### WHAT NEEDS TO BE DONE
Set down each line of the material that follows exactly, and leave its pictures out.

THE DATA section start

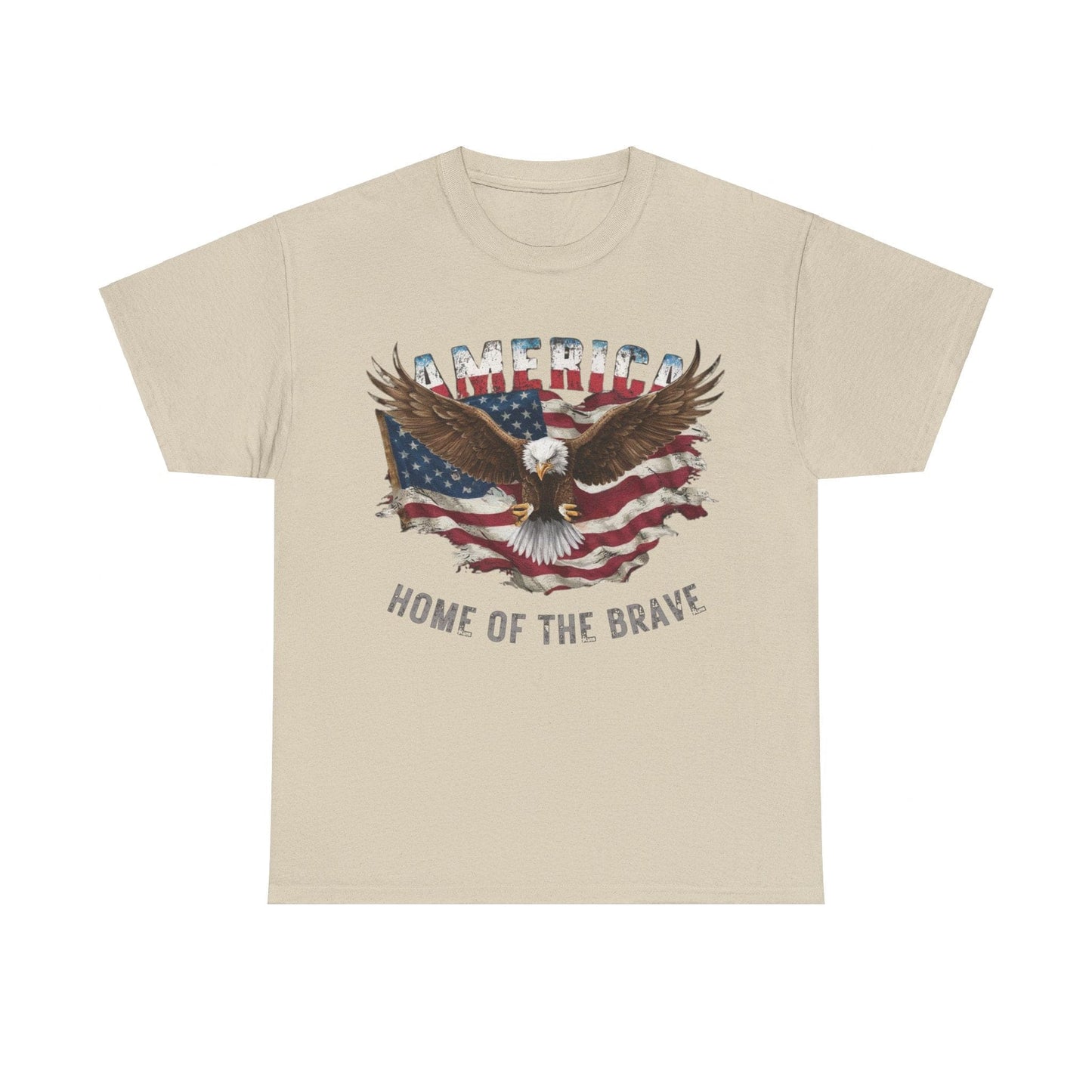 Unisex Heavy Cotton Tee - AMERICA - FLAG AND EAGLE - HOME OF THE BRAVE featuring an eagle with outstretched wings over a distressed American flag, and text saying "America Home of the Brave." Comfortable American apparel that showcases your patriotic pride.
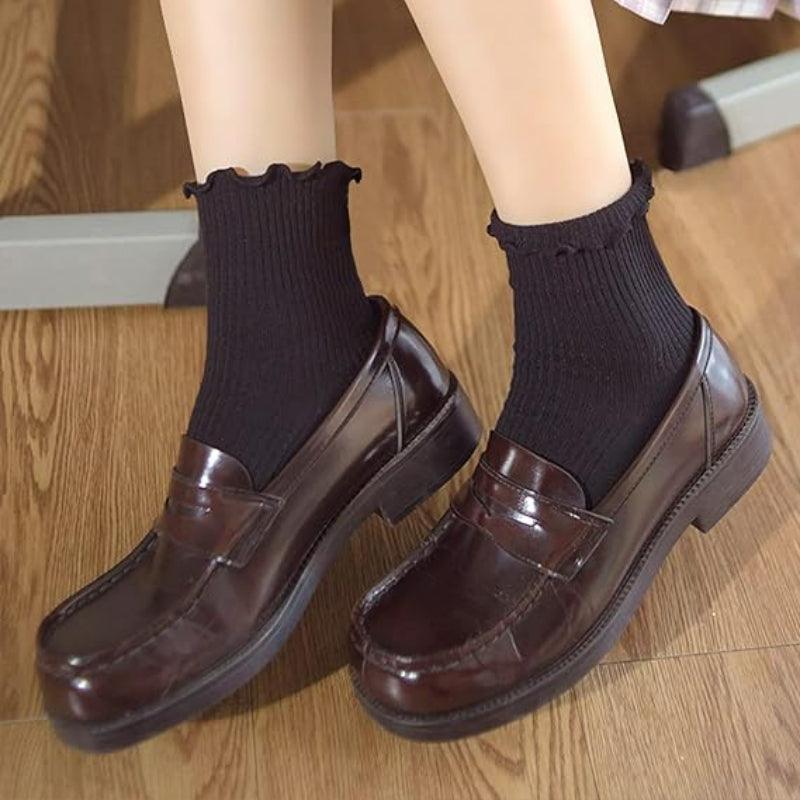 6 Pack Ruffle Knitted Socks – Soft and Stylish Everyday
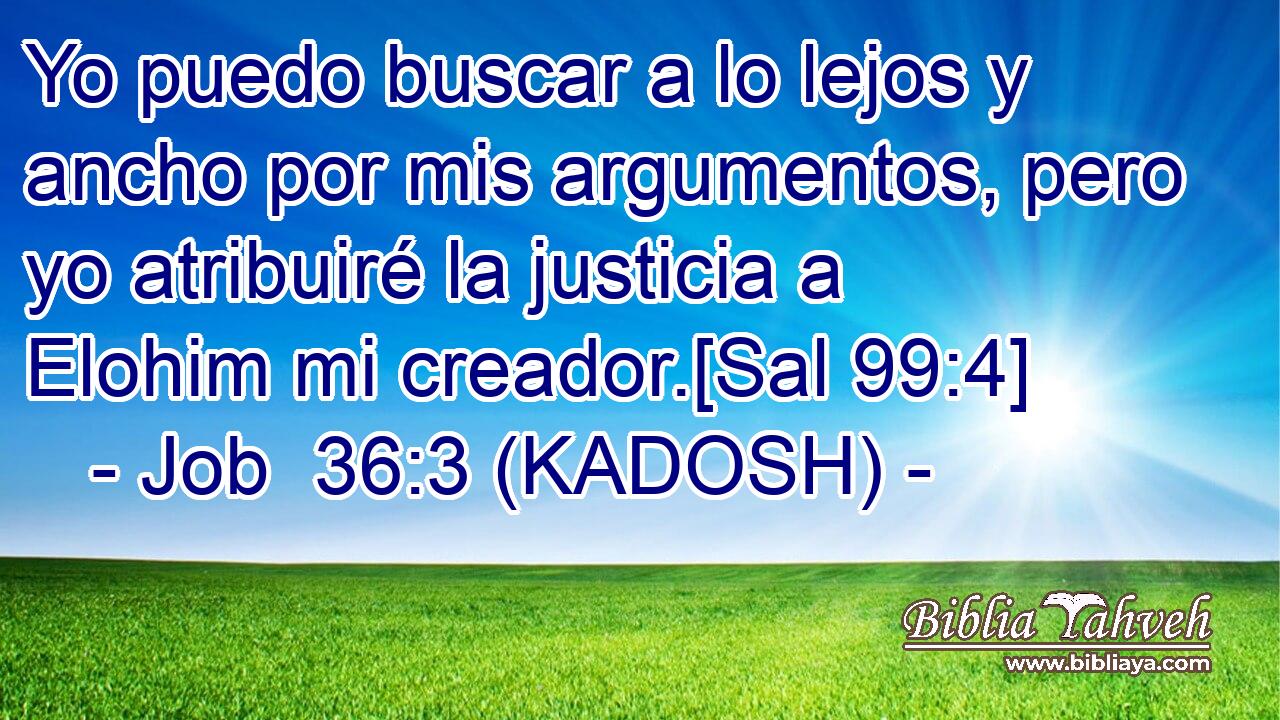  Yo puedo buscar a lo lejos y ancho por mis argumentos, pero yo atribuiré la justicia a Elohim mi creador.[Sal 99:4] 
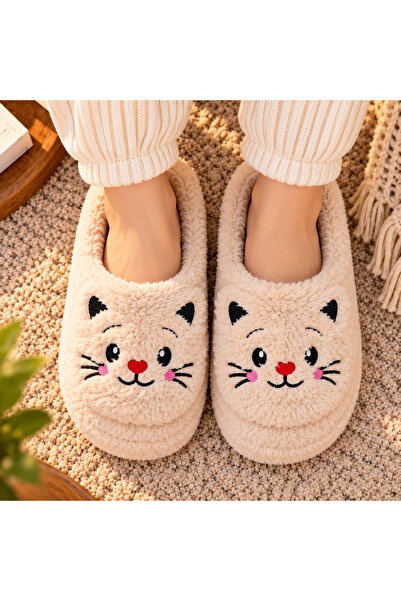 Kadın Peluş Kedi Desenli Kışlık Ev Terliği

THE DATA section end

### SOLUTION FOR THIS EXERCISE
 Unisex Heavy Cotton Tee - AMERICA - FLAG AND EAGLE - HOME OF THE BRAVE featuring an eagle with outstretched wings over a distressed American flag, and text saying "America Home of the Brave." Comfortable American apparel that showcases your patriotic pride.
 6 Pack Ruffle Knitted Socks – Soft and Stylish Everyday
  Yo puedo buscar a lo lejos y ancho por mis argumentos, pero yo atribuiré la justicia a Elohim mi creador.[Sal 99:4] 
 Kadın Peluş Kedi Desenli Kışlık Ev Terliği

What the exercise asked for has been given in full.